Luca Argentero: “Orgoglioso di Doc, nella terza stagione affronteremo temi scomodi”

L’attore anticipa cosa possiamo aspettarci dal suo personaggio nella terza stagione dell’amata fiction di Rai Uno che arriva in tv a gennaio 2024

Valentina Di Nino

Valentina Di Nino

Giornalista

Romana, laurea in Scienze Politiche, giornalista per caso. Ho scritto per quotidiani, settimanali, siti e agenzie, prevalentemente di cronaca e spettacoli.

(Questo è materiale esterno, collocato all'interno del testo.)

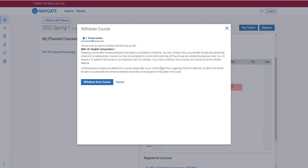We can click on this course and go down to Withdrawal. This gives you some information on what you need to consider before withdrawing, and if you want to continue, you'll click Withdraw from Course. That will take you out of the course and you will be officially withdrawn.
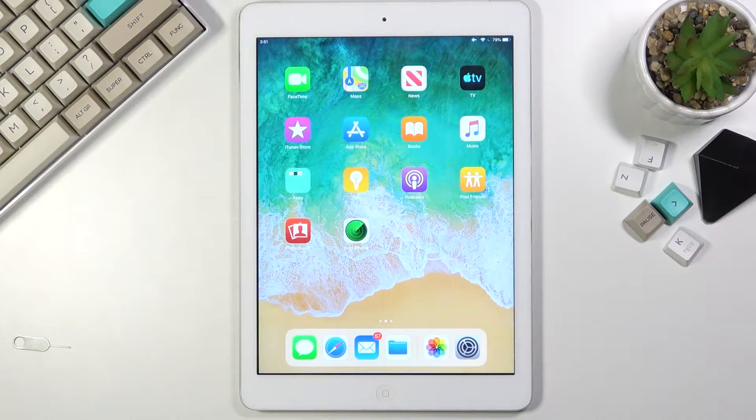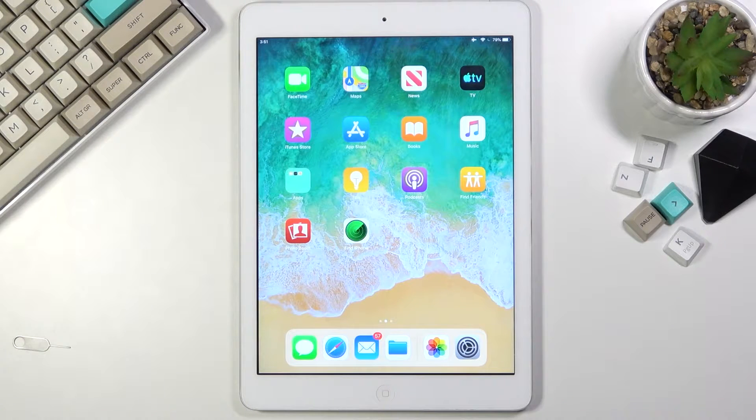Welcome, and for me this is an iPad Air, and today I will show you how to record the screen on this device.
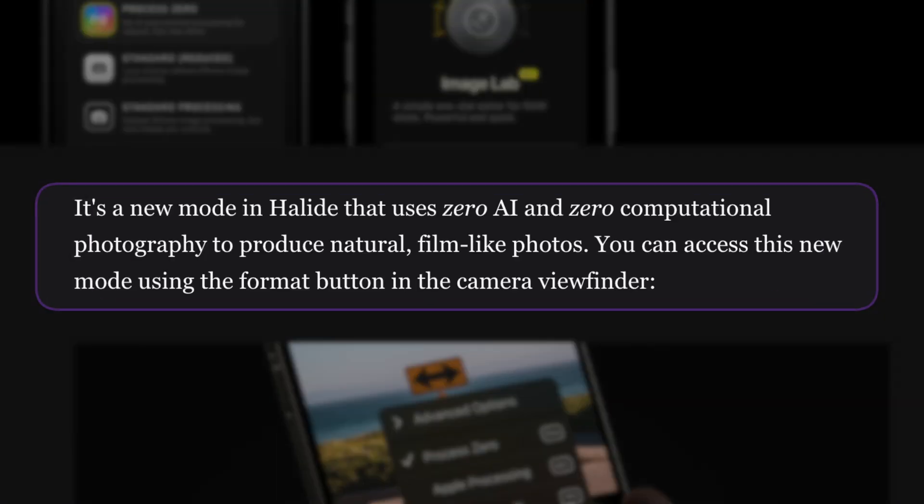Process Zero uses zero AI and zero computational photography to produce natural, film-like photos. You have to be a little more hands-on with this mode, which probably means using manual mode — setting your exposure, aperture, ISO manually to get the image looking the way you want. Because there's none of the processing going on, there's more grain in the shot. I actually prefer a little bit of grain; I hate that over-processed, almost plasticky look that Apple, Google, Samsung and co have built into their photographic systems.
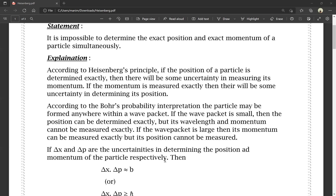If the wave packet is large, then the momentum can be measured exactly. However, there will be some uncertainty in measuring its position.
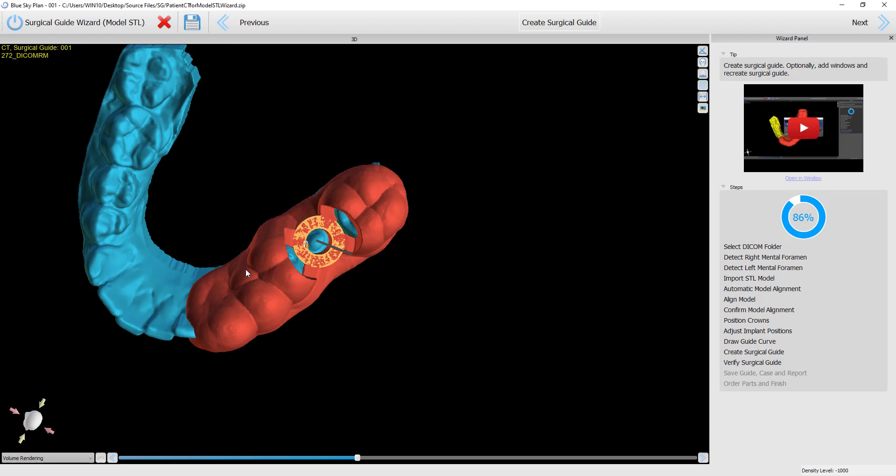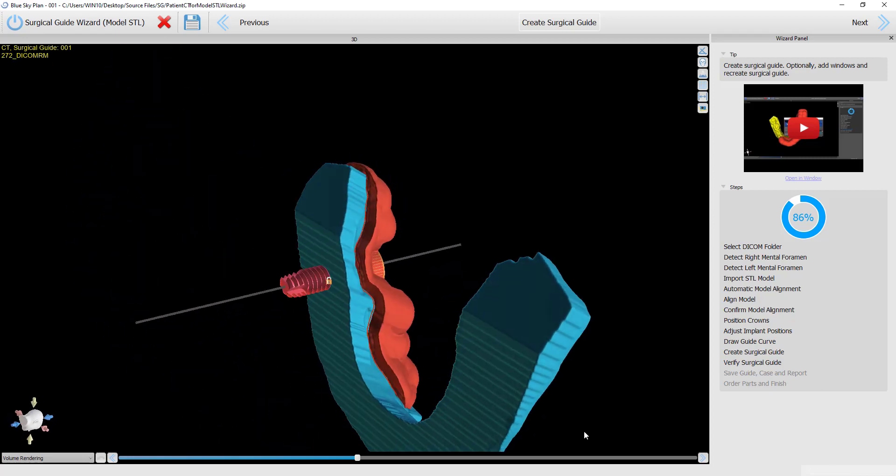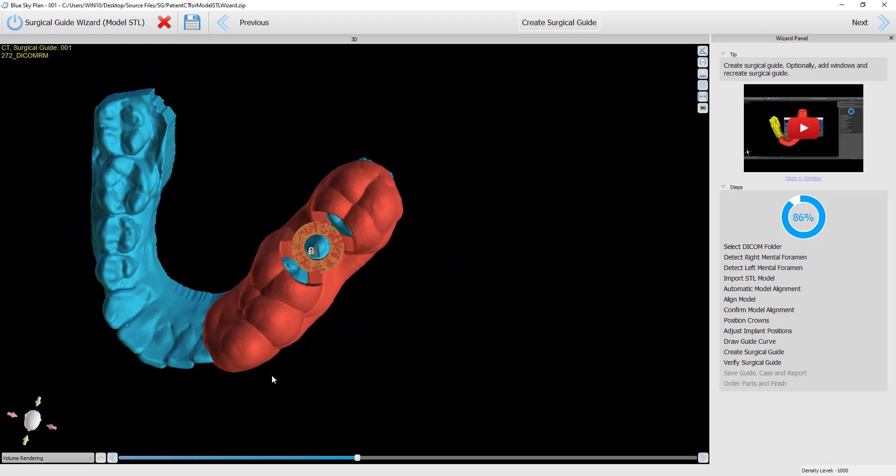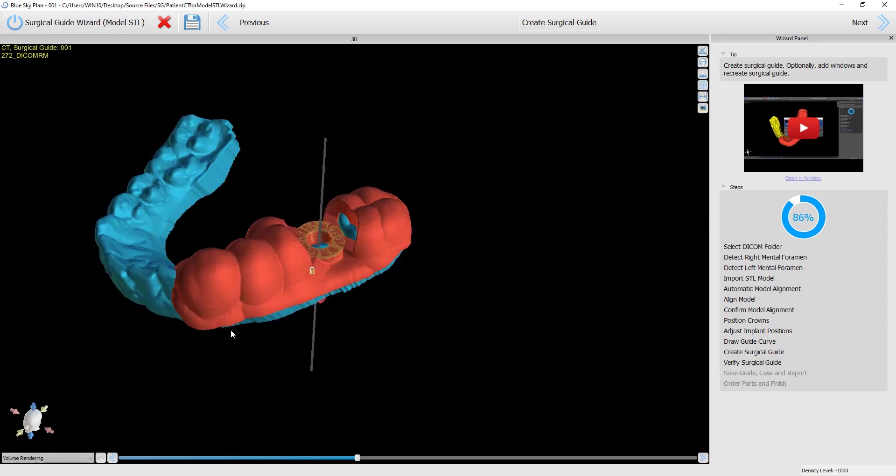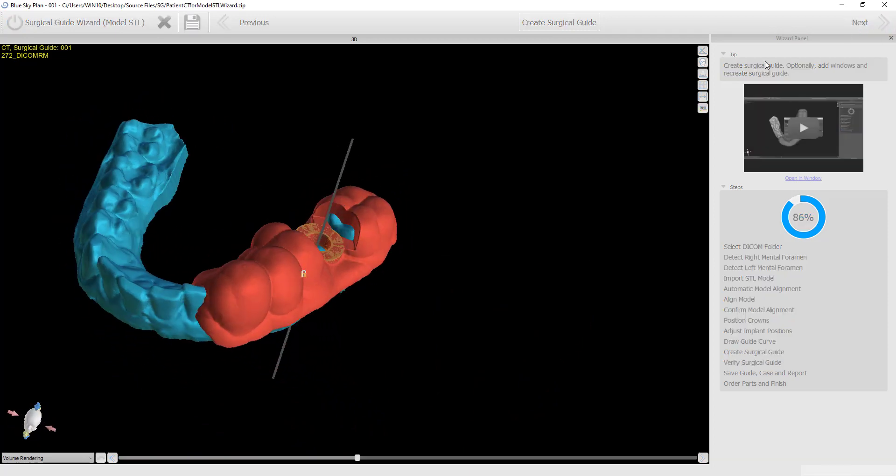The surgical guide is prepared and visible on the same model with the undercuts removed, showing that the guide was fabricated with those undercuts removed.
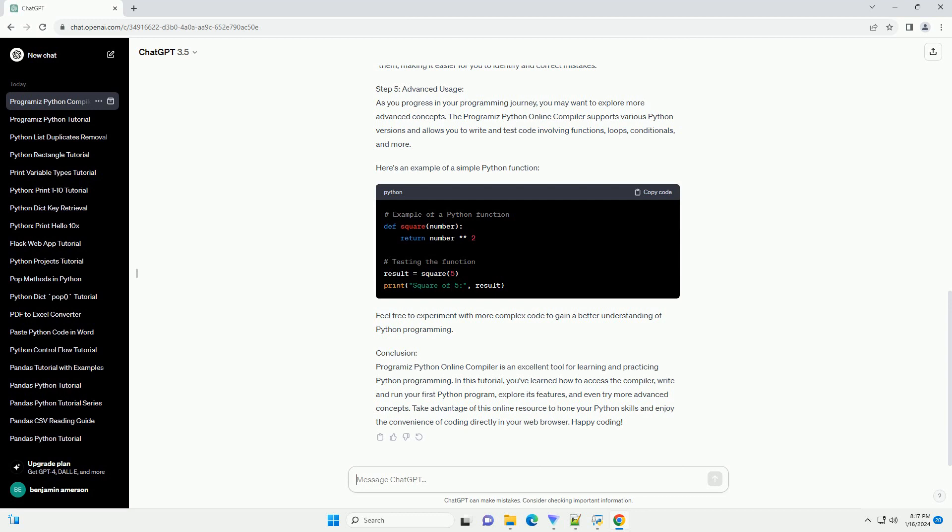Step 3: Running Your Code. After writing your code, click the run button to execute it. The output will be displayed below the code editor. For the 'Hello, World!' program, you should see the output 'Hello, World!' beneath the editor.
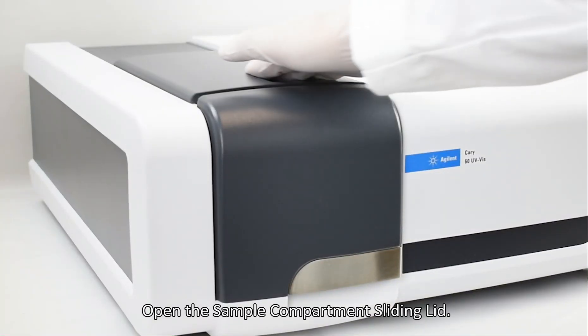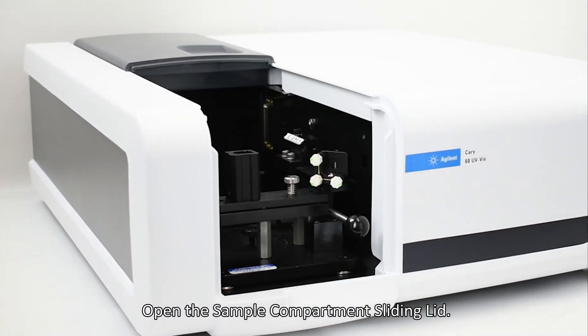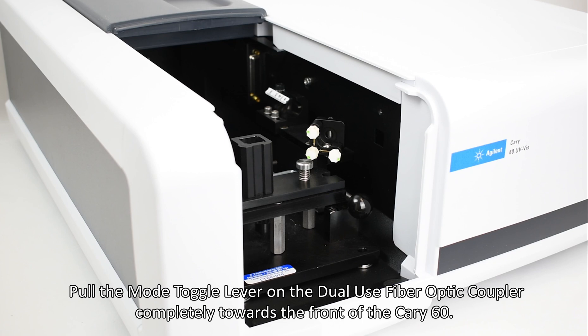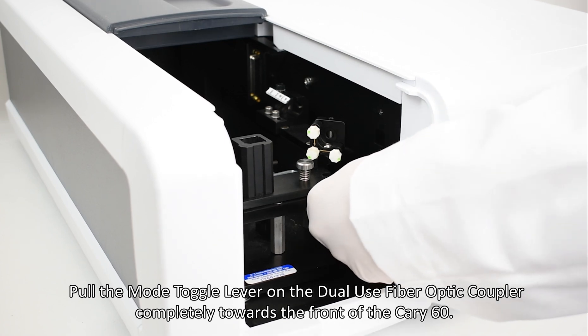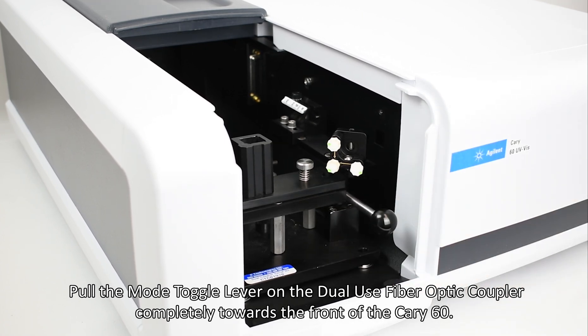Open the sample compartment sliding lid. Pull the mode toggle lever on the dual-use fiber optic coupler completely towards the front of the Cary 60.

Le vicende dei medici della serie Doc- Nelle tue mani stanno per tornare in tv. Precedute da un’anteprima delle prime due puntate che sarà visibile nei cinema italiani come evento speciale, lunedì 18 e martedì 19 dicembre, l’amata fiction che segue le vicende professionali e personali del dottor Andrea Fanti e dei suoi colleghi del reparto di Medicina Interna del Policlinico Ambrosiano, torna per la terza stagione in prima serata su Rai Uno a partire dall’11 gennaio 2024. Nel cast, insieme a Luca Argentero, i telespettatori ritroveranno Matilde Gioli, Sara Lazzaro, Pierpaolo Spollon, Giovanni Scifoni, Elisa D’Eusanio. Mentre tra le new entry troveremo, reduce dal successo di Mare Fuori e Noi Siamo Leggenda, Giacomo Giorgio.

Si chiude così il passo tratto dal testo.